Listed records.
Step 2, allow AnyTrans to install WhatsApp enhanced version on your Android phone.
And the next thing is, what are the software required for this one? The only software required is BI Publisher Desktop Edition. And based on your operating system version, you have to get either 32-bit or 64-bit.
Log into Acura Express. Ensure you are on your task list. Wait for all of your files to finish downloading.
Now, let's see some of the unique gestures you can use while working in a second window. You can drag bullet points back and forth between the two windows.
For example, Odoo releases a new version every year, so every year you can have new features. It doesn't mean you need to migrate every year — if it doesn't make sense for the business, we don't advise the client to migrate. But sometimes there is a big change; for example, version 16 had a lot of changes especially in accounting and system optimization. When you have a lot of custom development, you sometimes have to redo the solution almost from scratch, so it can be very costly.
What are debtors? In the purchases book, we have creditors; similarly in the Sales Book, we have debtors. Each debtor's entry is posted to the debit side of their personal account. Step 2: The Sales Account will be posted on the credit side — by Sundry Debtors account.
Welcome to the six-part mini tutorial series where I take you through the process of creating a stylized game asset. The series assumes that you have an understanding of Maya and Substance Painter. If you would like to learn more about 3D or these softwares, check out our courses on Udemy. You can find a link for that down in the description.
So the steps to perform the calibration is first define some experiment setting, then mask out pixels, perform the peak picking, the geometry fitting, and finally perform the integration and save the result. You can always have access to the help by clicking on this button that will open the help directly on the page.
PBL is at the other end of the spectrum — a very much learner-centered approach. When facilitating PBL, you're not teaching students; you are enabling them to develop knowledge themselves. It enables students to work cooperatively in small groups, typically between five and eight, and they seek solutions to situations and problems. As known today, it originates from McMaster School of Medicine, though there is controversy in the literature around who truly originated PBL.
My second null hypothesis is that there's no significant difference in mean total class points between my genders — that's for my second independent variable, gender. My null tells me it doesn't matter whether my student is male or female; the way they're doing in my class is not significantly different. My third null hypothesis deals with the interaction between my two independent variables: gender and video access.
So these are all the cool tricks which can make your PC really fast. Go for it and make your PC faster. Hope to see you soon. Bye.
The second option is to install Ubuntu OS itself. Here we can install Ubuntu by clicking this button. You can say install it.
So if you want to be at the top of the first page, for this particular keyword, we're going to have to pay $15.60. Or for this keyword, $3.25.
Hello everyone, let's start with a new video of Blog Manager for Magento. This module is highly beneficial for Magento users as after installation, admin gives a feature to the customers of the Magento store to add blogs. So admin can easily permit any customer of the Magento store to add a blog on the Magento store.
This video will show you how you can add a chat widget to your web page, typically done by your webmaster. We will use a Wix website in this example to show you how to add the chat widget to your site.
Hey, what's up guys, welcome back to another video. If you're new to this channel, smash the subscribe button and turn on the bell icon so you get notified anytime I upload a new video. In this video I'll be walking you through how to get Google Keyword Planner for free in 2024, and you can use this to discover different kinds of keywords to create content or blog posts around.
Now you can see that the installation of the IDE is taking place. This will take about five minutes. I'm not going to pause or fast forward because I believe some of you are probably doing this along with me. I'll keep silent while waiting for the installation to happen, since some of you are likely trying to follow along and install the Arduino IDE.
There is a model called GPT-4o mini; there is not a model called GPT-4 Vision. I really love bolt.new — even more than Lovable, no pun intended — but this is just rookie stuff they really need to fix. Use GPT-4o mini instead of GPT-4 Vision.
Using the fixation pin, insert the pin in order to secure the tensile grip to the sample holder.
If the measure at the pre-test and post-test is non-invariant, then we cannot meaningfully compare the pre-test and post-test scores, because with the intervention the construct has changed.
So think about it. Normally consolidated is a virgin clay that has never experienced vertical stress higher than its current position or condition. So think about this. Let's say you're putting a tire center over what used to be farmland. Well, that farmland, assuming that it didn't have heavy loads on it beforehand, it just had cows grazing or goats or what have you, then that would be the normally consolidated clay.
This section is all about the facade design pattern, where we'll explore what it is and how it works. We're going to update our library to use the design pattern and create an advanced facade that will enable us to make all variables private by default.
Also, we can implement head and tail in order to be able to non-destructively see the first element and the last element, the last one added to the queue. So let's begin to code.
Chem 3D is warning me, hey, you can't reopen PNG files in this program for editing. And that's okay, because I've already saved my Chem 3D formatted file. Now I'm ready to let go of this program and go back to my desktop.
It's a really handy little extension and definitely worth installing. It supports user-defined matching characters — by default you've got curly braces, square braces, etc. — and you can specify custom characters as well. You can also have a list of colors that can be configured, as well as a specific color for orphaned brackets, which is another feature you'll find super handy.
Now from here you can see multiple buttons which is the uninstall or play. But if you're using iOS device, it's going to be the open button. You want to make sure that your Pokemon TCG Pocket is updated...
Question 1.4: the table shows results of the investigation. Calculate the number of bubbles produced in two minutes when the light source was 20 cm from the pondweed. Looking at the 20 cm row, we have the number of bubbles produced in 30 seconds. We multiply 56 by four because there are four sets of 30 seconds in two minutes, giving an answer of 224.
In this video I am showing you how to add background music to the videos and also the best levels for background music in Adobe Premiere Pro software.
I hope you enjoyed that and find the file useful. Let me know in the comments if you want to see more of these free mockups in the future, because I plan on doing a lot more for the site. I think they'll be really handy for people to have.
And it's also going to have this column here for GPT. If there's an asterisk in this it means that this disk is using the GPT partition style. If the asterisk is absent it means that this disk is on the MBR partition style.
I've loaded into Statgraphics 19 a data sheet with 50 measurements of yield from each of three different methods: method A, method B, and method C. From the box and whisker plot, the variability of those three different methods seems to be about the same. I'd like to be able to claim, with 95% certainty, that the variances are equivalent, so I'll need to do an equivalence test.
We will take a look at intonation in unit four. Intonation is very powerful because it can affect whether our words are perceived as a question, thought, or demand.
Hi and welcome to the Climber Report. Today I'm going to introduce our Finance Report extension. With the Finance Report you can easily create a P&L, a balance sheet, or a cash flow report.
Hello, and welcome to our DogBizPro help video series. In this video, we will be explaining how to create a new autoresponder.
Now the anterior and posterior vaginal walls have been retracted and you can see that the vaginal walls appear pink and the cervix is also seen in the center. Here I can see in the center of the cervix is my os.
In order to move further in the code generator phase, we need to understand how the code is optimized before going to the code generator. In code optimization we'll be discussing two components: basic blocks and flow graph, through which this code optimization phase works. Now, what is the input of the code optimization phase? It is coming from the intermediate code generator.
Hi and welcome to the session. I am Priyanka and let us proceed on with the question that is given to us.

Your assignment. Your answer should be the listing itself, repeated exactly.

Result.
Step 2, allow AnyTrans to install WhatsApp enhanced version on your Android phone.
And the next thing is, what are the software required for this one? The only software required is BI Publisher Desktop Edition. And based on your operating system version, you have to get either 32-bit or 64-bit.
Log into Acura Express. Ensure you are on your task list. Wait for all of your files to finish downloading.
Now, let's see some of the unique gestures you can use while working in a second window. You can drag bullet points back and forth between the two windows.
For example, Odoo releases a new version every year, so every year you can have new features. It doesn't mean you need to migrate every year — if it doesn't make sense for the business, we don't advise the client to migrate. But sometimes there is a big change; for example, version 16 had a lot of changes especially in accounting and system optimization. When you have a lot of custom development, you sometimes have to redo the solution almost from scratch, so it can be very costly.
What are debtors? In the purchases book, we have creditors; similarly in the Sales Book, we have debtors. Each debtor's entry is posted to the debit side of their personal account. Step 2: The Sales Account will be posted on the credit side — by Sundry Debtors account.
Welcome to the six-part mini tutorial series where I take you through the process of creating a stylized game asset. The series assumes that you have an understanding of Maya and Substance Painter. If you would like to learn more about 3D or these softwares, check out our courses on Udemy. You can find a link for that down in the description.
So the steps to perform the calibration is first define some experiment setting, then mask out pixels, perform the peak picking, the geometry fitting, and finally perform the integration and save the result. You can always have access to the help by clicking on this button that will open the help directly on the page.
PBL is at the other end of the spectrum — a very much learner-centered approach. When facilitating PBL, you're not teaching students; you are enabling them to develop knowledge themselves. It enables students to work cooperatively in small groups, typically between five and eight, and they seek solutions to situations and problems. As known today, it originates from McMaster School of Medicine, though there is controversy in the literature around who truly originated PBL.
My second null hypothesis is that there's no significant difference in mean total class points between my genders — that's for my second independent variable, gender. My null tells me it doesn't matter whether my student is male or female; the way they're doing in my class is not significantly different. My third null hypothesis deals with the interaction between my two independent variables: gender and video access.
So these are all the cool tricks which can make your PC really fast. Go for it and make your PC faster. Hope to see you soon. Bye.
The second option is to install Ubuntu OS itself. Here we can install Ubuntu by clicking this button. You can say install it.
So if you want to be at the top of the first page, for this particular keyword, we're going to have to pay $15.60. Or for this keyword, $3.25.
Hello everyone, let's start with a new video of Blog Manager for Magento. This module is highly beneficial for Magento users as after installation, admin gives a feature to the customers of the Magento store to add blogs. So admin can easily permit any customer of the Magento store to add a blog on the Magento store.
This video will show you how you can add a chat widget to your web page, typically done by your webmaster. We will use a Wix website in this example to show you how to add the chat widget to your site.
Hey, what's up guys, welcome back to another video. If you're new to this channel, smash the subscribe button and turn on the bell icon so you get notified anytime I upload a new video. In this video I'll be walking you through how to get Google Keyword Planner for free in 2024, and you can use this to discover different kinds of keywords to create content or blog posts around.
Now you can see that the installation of the IDE is taking place. This will take about five minutes. I'm not going to pause or fast forward because I believe some of you are probably doing this along with me. I'll keep silent while waiting for the installation to happen, since some of you are likely trying to follow along and install the Arduino IDE.
There is a model called GPT-4o mini; there is not a model called GPT-4 Vision. I really love bolt.new — even more than Lovable, no pun intended — but this is just rookie stuff they really need to fix. Use GPT-4o mini instead of GPT-4 Vision.
Using the fixation pin, insert the pin in order to secure the tensile grip to the sample holder.
If the measure at the pre-test and post-test is non-invariant, then we cannot meaningfully compare the pre-test and post-test scores, because with the intervention the construct has changed.
So think about it. Normally consolidated is a virgin clay that has never experienced vertical stress higher than its current position or condition. So think about this. Let's say you're putting a tire center over what used to be farmland. Well, that farmland, assuming that it didn't have heavy loads on it beforehand, it just had cows grazing or goats or what have you, then that would be the normally consolidated clay.
This section is all about the facade design pattern, where we'll explore what it is and how it works. We're going to update our library to use the design pattern and create an advanced facade that will enable us to make all variables private by default.
Also, we can implement head and tail in order to be able to non-destructively see the first element and the last element, the last one added to the queue. So let's begin to code.
Chem 3D is warning me, hey, you can't reopen PNG files in this program for editing. And that's okay, because I've already saved my Chem 3D formatted file. Now I'm ready to let go of this program and go back to my desktop.
It's a really handy little extension and definitely worth installing. It supports user-defined matching characters — by default you've got curly braces, square braces, etc. — and you can specify custom characters as well. You can also have a list of colors that can be configured, as well as a specific color for orphaned brackets, which is another feature you'll find super handy.
Now from here you can see multiple buttons which is the uninstall or play. But if you're using iOS device, it's going to be the open button. You want to make sure that your Pokemon TCG Pocket is updated...
Question 1.4: the table shows results of the investigation. Calculate the number of bubbles produced in two minutes when the light source was 20 cm from the pondweed. Looking at the 20 cm row, we have the number of bubbles produced in 30 seconds. We multiply 56 by four because there are four sets of 30 seconds in two minutes, giving an answer of 224.
In this video I am showing you how to add background music to the videos and also the best levels for background music in Adobe Premiere Pro software.
I hope you enjoyed that and find the file useful. Let me know in the comments if you want to see more of these free mockups in the future, because I plan on doing a lot more for the site. I think they'll be really handy for people to have.
And it's also going to have this column here for GPT. If there's an asterisk in this it means that this disk is using the GPT partition style. If the asterisk is absent it means that this disk is on the MBR partition style.
I've loaded into Statgraphics 19 a data sheet with 50 measurements of yield from each of three different methods: method A, method B, and method C. From the box and whisker plot, the variability of those three different methods seems to be about the same. I'd like to be able to claim, with 95% certainty, that the variances are equivalent, so I'll need to do an equivalence test.
We will take a look at intonation in unit four. Intonation is very powerful because it can affect whether our words are perceived as a question, thought, or demand.
Hi and welcome to the Climber Report. Today I'm going to introduce our Finance Report extension. With the Finance Report you can easily create a P&L, a balance sheet, or a cash flow report.
Hello, and welcome to our DogBizPro help video series. In this video, we will be explaining how to create a new autoresponder.
Now the anterior and posterior vaginal walls have been retracted and you can see that the vaginal walls appear pink and the cervix is also seen in the center. Here I can see in the center of the cervix is my os.
In order to move further in the code generator phase, we need to understand how the code is optimized before going to the code generator. In code optimization we'll be discussing two components: basic blocks and flow graph, through which this code optimization phase works. Now, what is the input of the code optimization phase? It is coming from the intermediate code generator.
Hi and welcome to the session. I am Priyanka and let us proceed on with the question that is given to us.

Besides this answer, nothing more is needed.